Wind and coal energy policy is hitting the headlines as politicians battle back and forth pre-election about who is really doing the most to bring down energy prices and boost the economy. The Wind Energy Tax Credit is set to expire at the end of the year, and in response, Senator Ron Wyden posted an opinion piece in Politico decrying the upcoming de-investment in an industry that has received substantial federal funding over the past 4 years as a devastating blow to job creation.

Yet has the taxpayer funded investment really paid off? Let’s look at the facts.

Among the three fiscal years 2007-2010, wind subsidies increased 10 fold. During the same time, wind production increased 175 percent.
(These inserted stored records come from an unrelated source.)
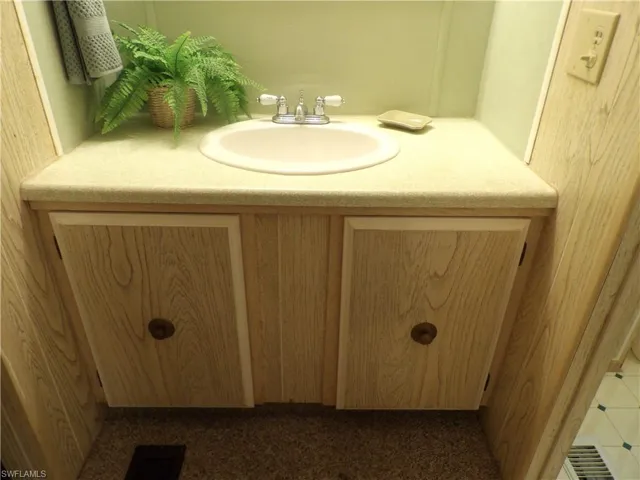 Bathroom featuring vanity and dark colored carpet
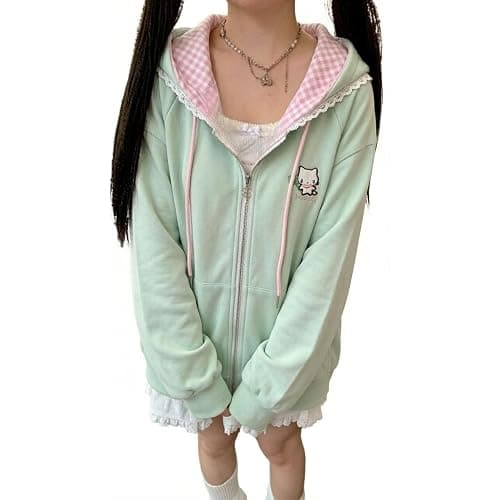 DINGXIANGJU Y2K Cutecore Kawaii Hoodie Women Cute Cat Zip Up Harajuku Oversize Japan Aesthetic Shoujo Girl Teen Top Clothes - Image 1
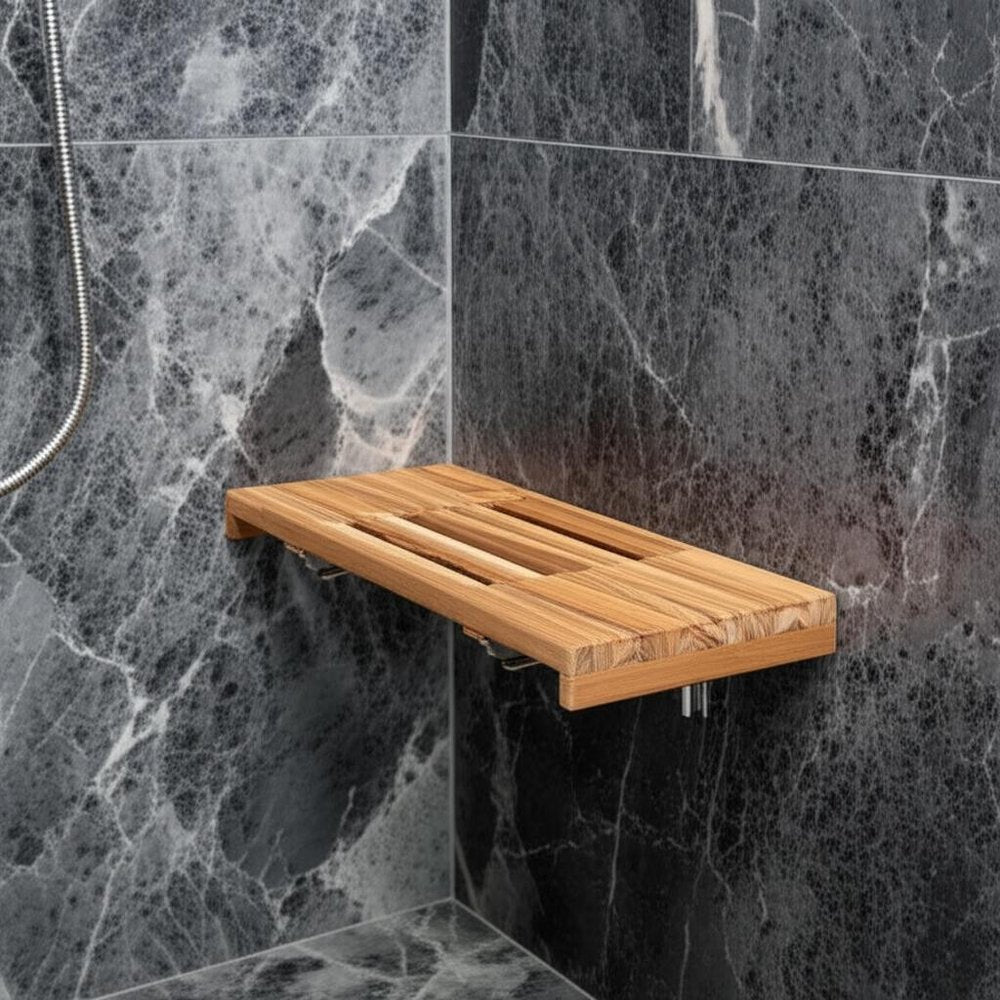 24" Brown Wall Mount Teak Rectangular Shower Bench HomeRoots
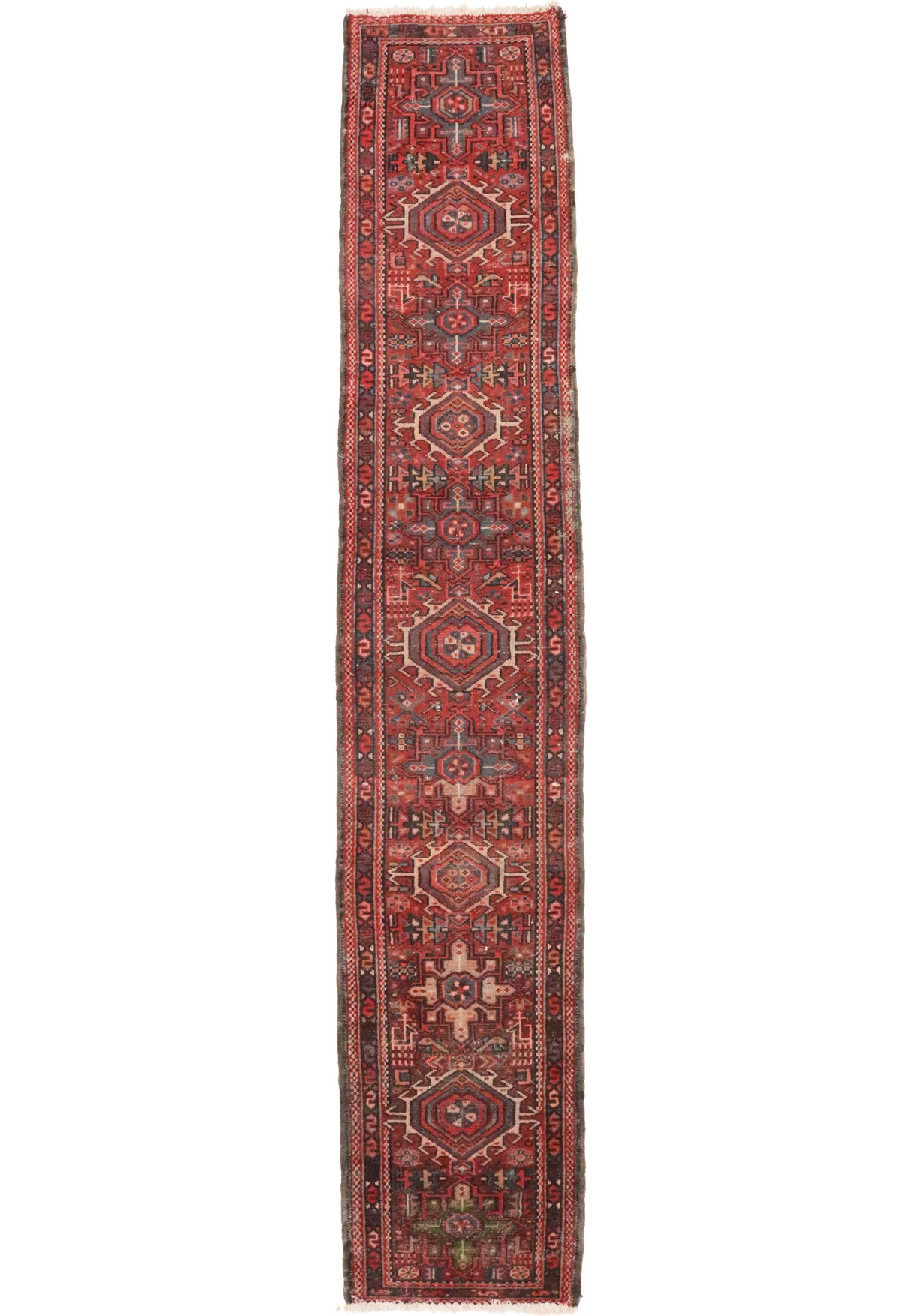 Semi Antique Red Tribal 2X11 Karajeh Persian Runner Rug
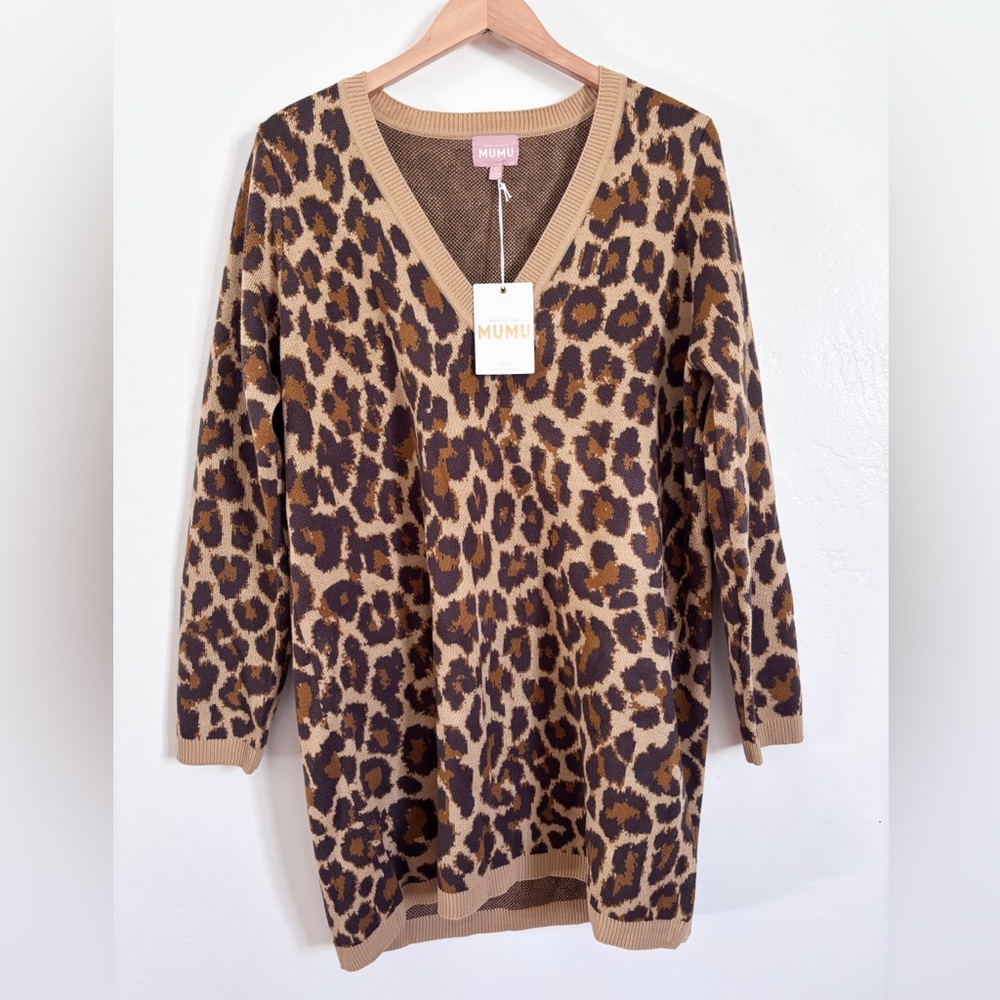 Show me your mumu Hartford sweater dress leopard size large - Picture 2 of 7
The Institute for Energy Research reports that to obtain such an increase, the taxpayer “paid $56 [for every megawatt hour of wind energy], compared to 64 cents for coal-fired and natural gas-fired generation.” In other words, investing in wind energy comes at a significant cost to taxpayers, much of which was funded by the stimulus.

In total, the tax credit which is set to expire has given wind companies a $1 billion per year tax break.  Yet even with this significant leg up, wind only made up 2.9% of U.S. energy production last year.
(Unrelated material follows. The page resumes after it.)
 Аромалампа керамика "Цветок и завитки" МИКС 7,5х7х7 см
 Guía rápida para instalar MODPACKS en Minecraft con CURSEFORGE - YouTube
Wyden argues ending the tax credit will result in a reduction of 37,000 jobs in the wind industry, yet have wind subsidies effectively created jobs for Americans? The Institute for Energy Research explains that the whole push for green job creation has fallen rather short:

In 2008, Presidential Candidate Obama promised to create 5 million green energy jobs over 10 years by investing in solar, wind and other renewable energy sources. Yet by 2010, according to the White House, only 225,000 green jobs had resulted from the stimulus program although his 2009 economic-stimulus plan spent a record $90 billion on clean energy.

It’s worth noting that the President has claimed that the wind industry supports 75,000, 37,000 of which are jeopardized by the sun setting of the tax credit.  That’s a pretty troubling window into just how depended the industry is on government favors and an unlevelled playing field.

Furthermore, while the administration decries the loss of wind energy jobs, the EPA has pursued aggressive new regulations targeting the coal industry, which the United Mine Workers of America claim leads to the loss of 50,000 jobs and indirectly 250,000 jobs.  Somehow the Obama Administration is unmoved by concern for these jobs.

Senator Wyden has a point that oil companies reap massive tax subsidies that give them an unfair advantage in the energy market. Yet it makes little sense to fix this imbalance by instituting further subsidies for specific energy sectors and not others. Instead, removing excessive subsidies for both oil and wind—and any other corporate entity out there that’s getting special government favors–would level the free-market playing field in a manner that addresses both inequity and our fiscal crisis.